The main drawback is that the feedback is the collective feedback of the group, and may not reflect that of any given individual’s. There are two inter-related aspects to this limitation. First, if the group isn’t large enough, then it may be obvious which piece of feedback comes from which student/postdoc (I suspect ~4 is the minimum size threshold). Second, if one student/postdoc has a very different experience than other members of the group, it may be difficult for that person to even speak up, let alone integrate their comments into the collective feedback.

Why is Feedback Hard?

There are many experts who write on this topic, so here are just a few challenges that the Group Assimilation Exercise is designed to help address.

It is scary to give feedback to a professor. The professor has significant influence over a mentee’s success. Given this power dynamic, it can be very risky to jeopardize the relationship with the professor.

It is easy for feedback to sound like a personal attack. It is important to frame the feedback in a way that is as constructive as possible. But oftentimes feedback can come off as a personal attack, making it harder for the feedback to be construed as constructive.

Fear of disappointment. The upshot of the above points is that there can be huge barriers to students & postdocs giving feedback. Thus, making the effort to overcome those barriers can be a huge investment. If there isn’t a reasonable expectation that such feedback will lead to positive changes, then what’s the point of going through all that trouble?

Concluding Thoughts

Everyone needs feedback. Many companies implement some kind of 360 review, and one can think of this exercise as a version of that for the professor. Of course, no one likes hearing criticisms about themselves, and so this whole process works best if everyone buys in and approaches it from a place of compassion.

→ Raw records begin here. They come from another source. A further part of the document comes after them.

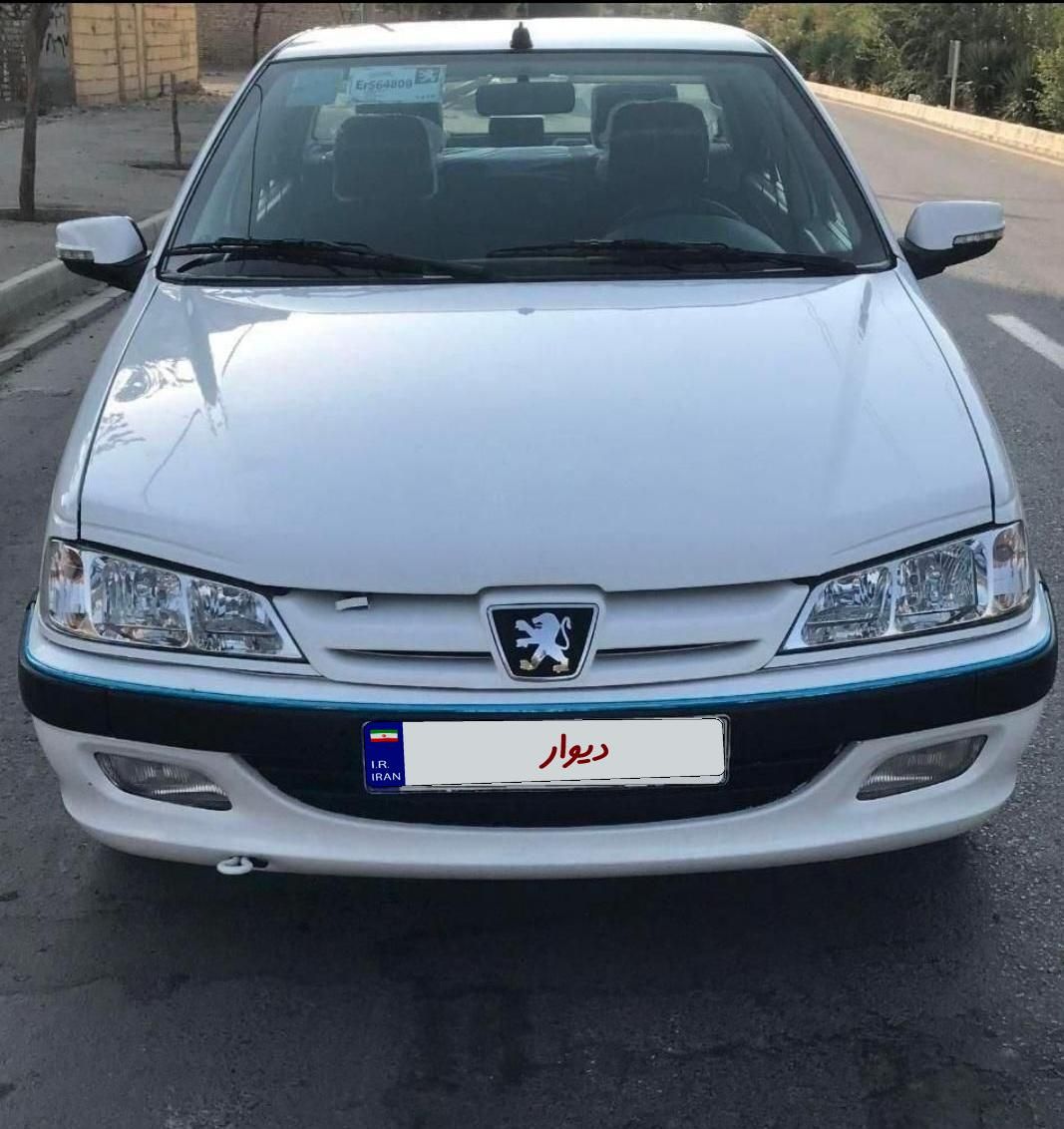پژو پارس LX - 1400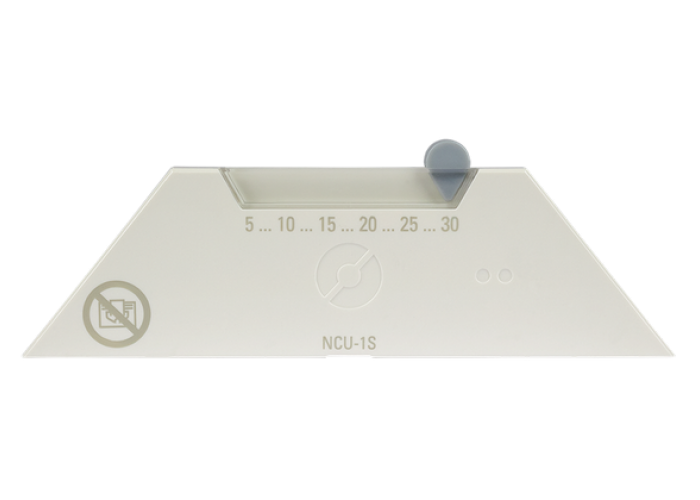 Термостат Nobo NCU 1S для конвекторов NTE 4S, NFC4S, NFC4N, NFC2S, NFC2N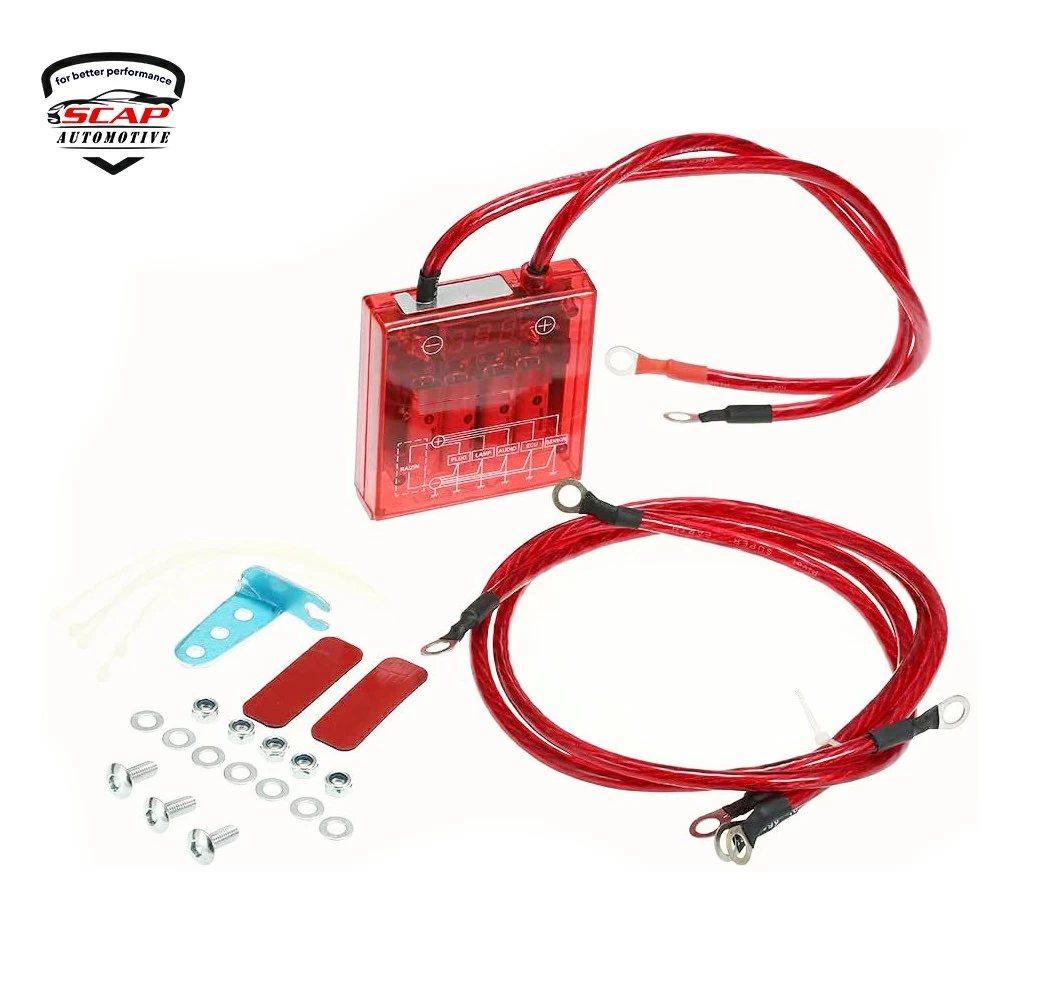 VOLT STABILIZER UNIVERSAL WITH DISPLAY SCAP VSK01  (SKU 38-034)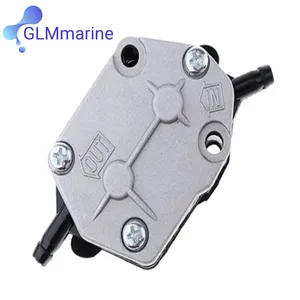 Kraftstoffpumpe für außen Yamaha, 2 Zeit, 20, 25, 30, 40, 48, 50, 55, 60, 70, 75, 80, 85, 90, HP, 692-24410 00, 663-24410 00, 6A0-24410-05 8 Hauptverkaufsschuhe Frauen 60er 70 - №6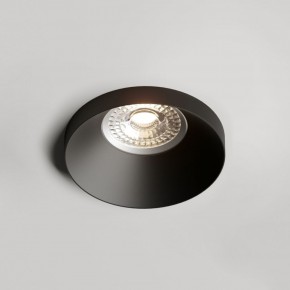 DK2070-BK Встраиваемый светильник , IP 20, 50 Вт, GU10, черный, алюминий в Южноуральске - yuzhnouralsk.ok-mebel.com | фото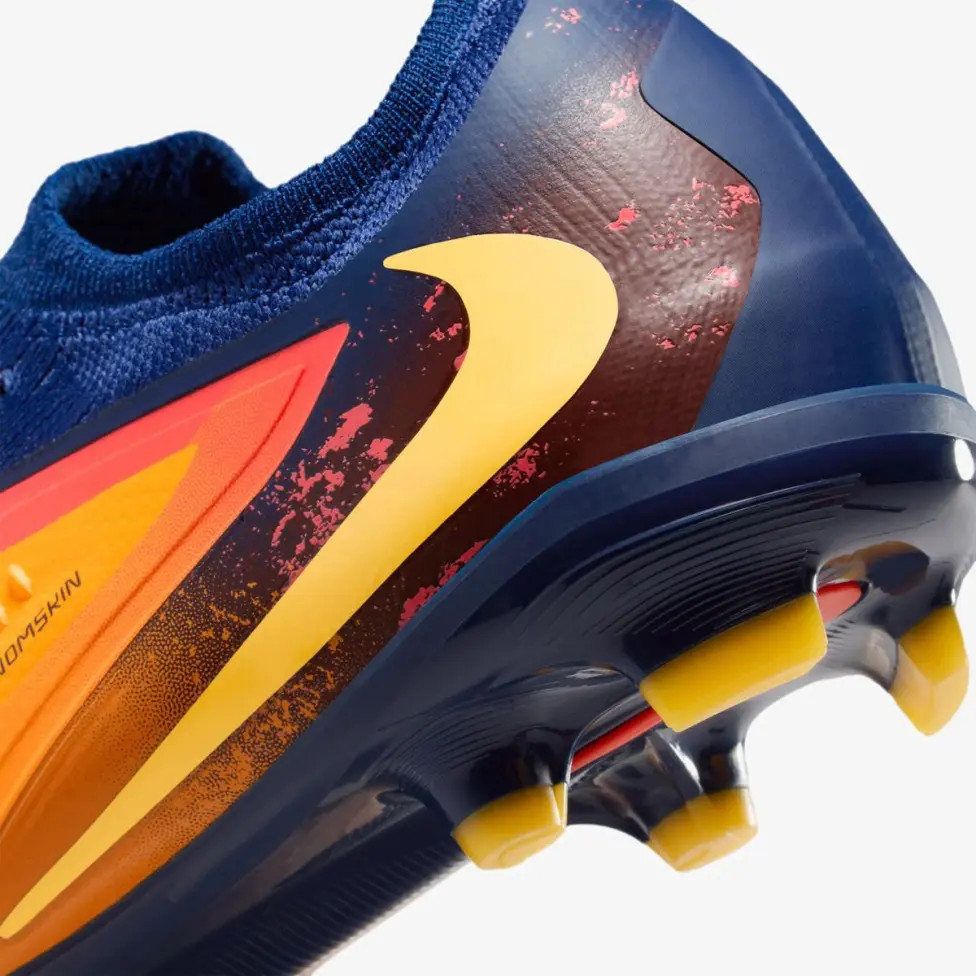 Бутси Nike JR PHANTOM 6 LOW PRO FG/MG EH HQ2047-800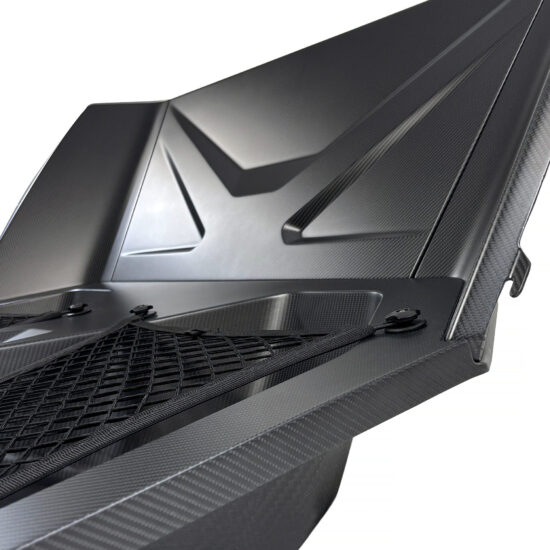 Karbonius Carbon Fibre Rear Seat Delete for G82 M4.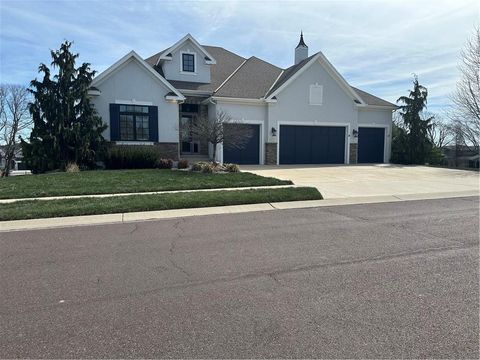 16913 BRADSHAW Street Overland Park KS 66221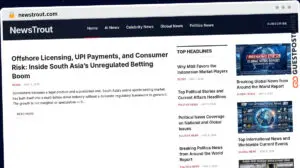Publish Guest Post on newstrout.com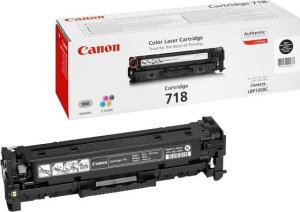 Картридж для лазерного принтера Canon Картридж 718 (2662B002) Картридж для лазерного принтера Canon Картридж 718 (2662B002)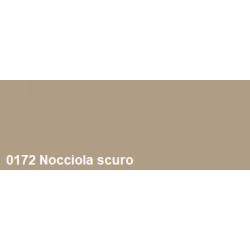 Farba do frontów meblowych Milesi - kolor 0172 Nocciola scuro wg wzornika ICA
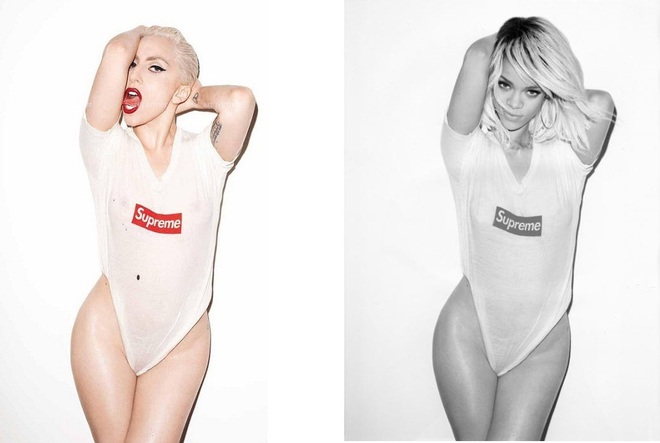 Гага или Риана?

In terms of timing, I found that the best cadence for my group is to do this exercise once a year around the beginning of the school year. It is also a great way to get new members more comfortable with the rest of the group.

Looking back on previous years, I found that I successfully acted on roughly 50% of the action items. Some action items became less important over time, and others slipped my mind until I reviewed the worksheet (which I do about once every 1–3 months).

Finally, I also found that the exercise reveals gaps in terms of expectations between the professor and the group (in both directions). Moreover, the exercise helps me articulate to myself what I want for my group.